Transportation and Telecommunications

Bills would require use of seat belts

The Transportation and Telecommunications Committee heard testimony Feb. 11 on two bills that would require all vehicle passengers to wear seat belts.

The bills also would make enforcement of wearing a seat belt a primary action, allowing law enforcement to stop drivers solely for being in violation. Enforcement of the law currently is a secondary action, meaning the driver must first be cited or charged with some other violation.

Under LB10, introduced by Omaha Sen. Bob Krist, all occupants of a vehicle would be required to wear a seat belt. Violations would be an infraction with a $25 fine.

Krist said deployed airbags sometimes cause the most injury to passengers who are involved in car accidents. Some vehicles have backseat airbags, he said, so those passengers should be seated properly to reduce such injuries.

Under the second bill, vehicle passengers who are not wearing seat belts would be assessed one point on their operator’s license and would be fined $100 per violation.

Scottsbluff Sen. John Harms, sponsor of LB189, said that requiring passengers to wear seat belts would decrease fatalities and emergency room costs resulting from car accidents.

Harms said data collected by the state Department of Health and Human Services on emergency room costs associated with a lack of seat belt usage was “staggering.” The costs for patients who were not wearing seat belts during an accident averaged $5,000, as opposed to $2,000 for those who were, he said.

Joseph Stothert, the trauma medical director at the University of Nebraska Medical Center, testified in support of the bill, saying that over 75 percent of crash victims who were declared dead at the scene were not wearing seat belts.

“The most effective way to prevent the misery caused by trauma is to prevent the trauma,” he said. “[Seat belts] save lives. The more restrained you are, the more protected you are.”

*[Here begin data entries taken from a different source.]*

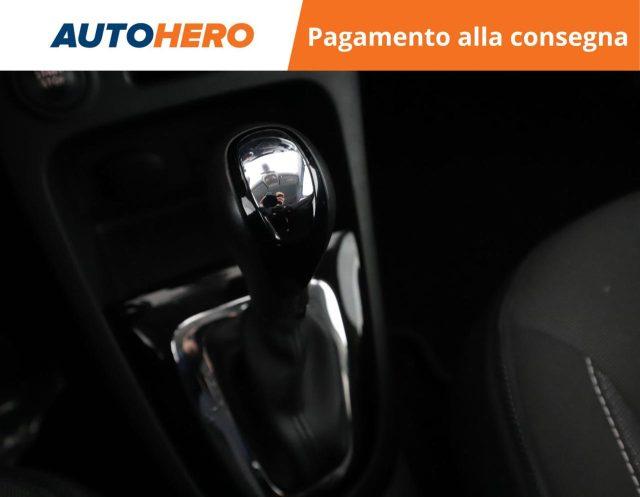 RENAULT Captur 1.5 dCi 8V 90 CV EDC Energy R-Link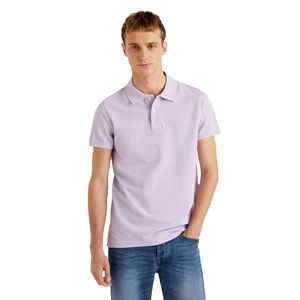 Venta al por Mayor de Camisetas Polo para Hombre, Estilo Europeo y Americano, Nueva Colección, Tallas Grandes, Camisetas Polo de Alta Calidad - Product Image 1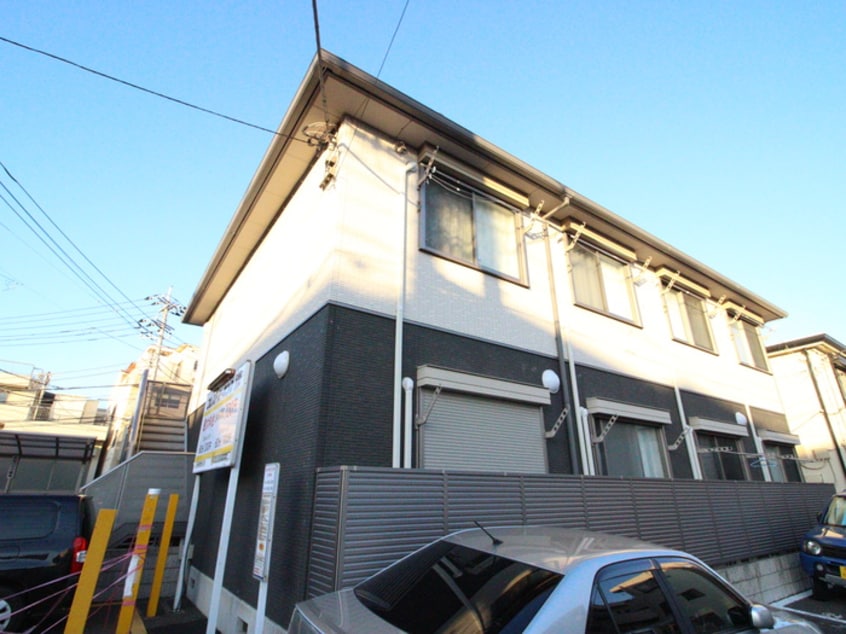 外観写真 パーシモンコート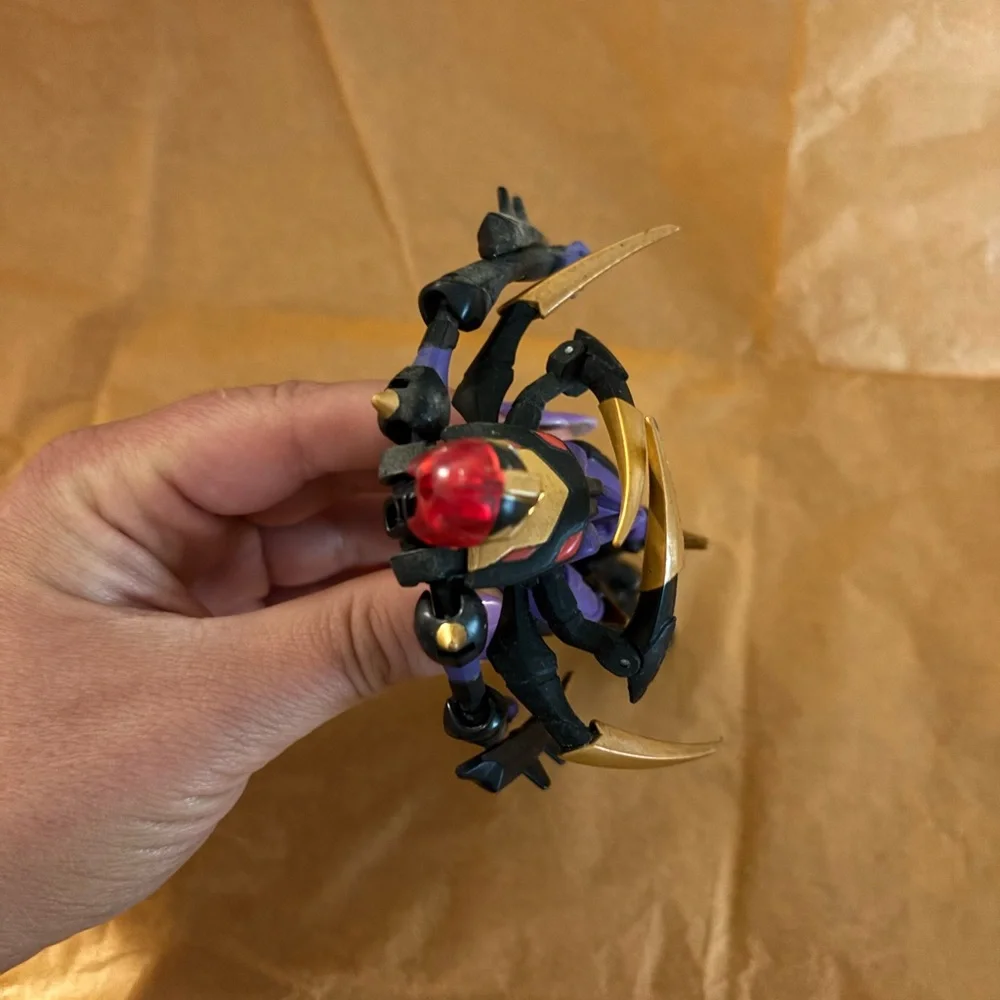 Transformer - Picture 3 of 9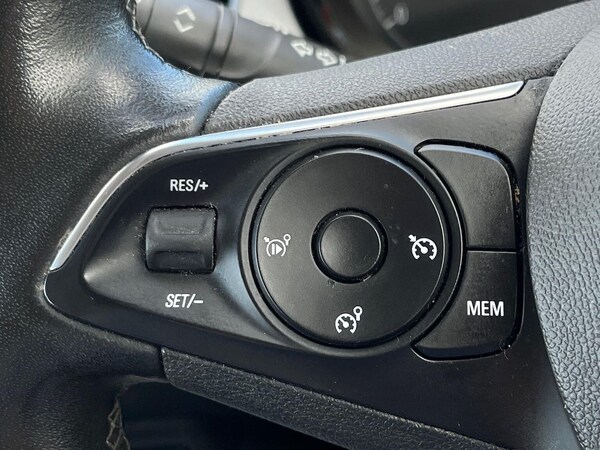 Used Vauxhall Crossland X 2019 for sale - 76070279: Photo 26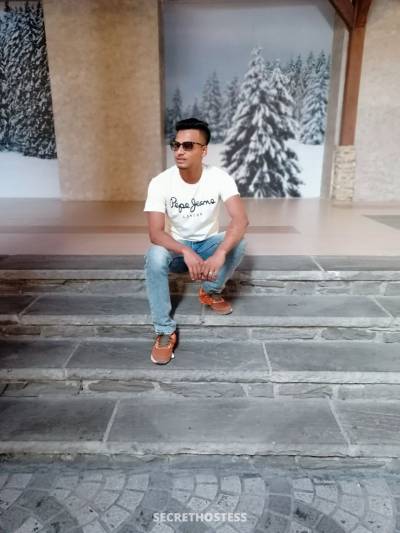 24Yrs Old Escort 175CM Tall Muscat Image - 1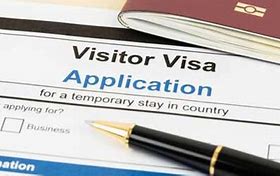 Image result for Visitor Visa Graphic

Bev Reicks, chief executive officer of the National Safety Council of Nebraska, testified in support, saying the number of passengers who wear seat belts in Nebraska has not increased since 2004. States that have primary enforcement of seat belt laws have had an increase in usage among high-risk drivers, she said.

Andrea Frazier, the state project specialist for Mother’s Against Drunk Driving, also testified in support, saying Nebraska had 90 fatalities in 2012 resulting from drunk drivers.

“Drunk drivers are the least likely to buckle up,” Frazier said. “Therefore, being able to stop them for not wearing a seat belt may reduce the number of drunk drivers.”

No one testified in opposition to either LB10 or LB189 and the committee took no immediate action on the bills.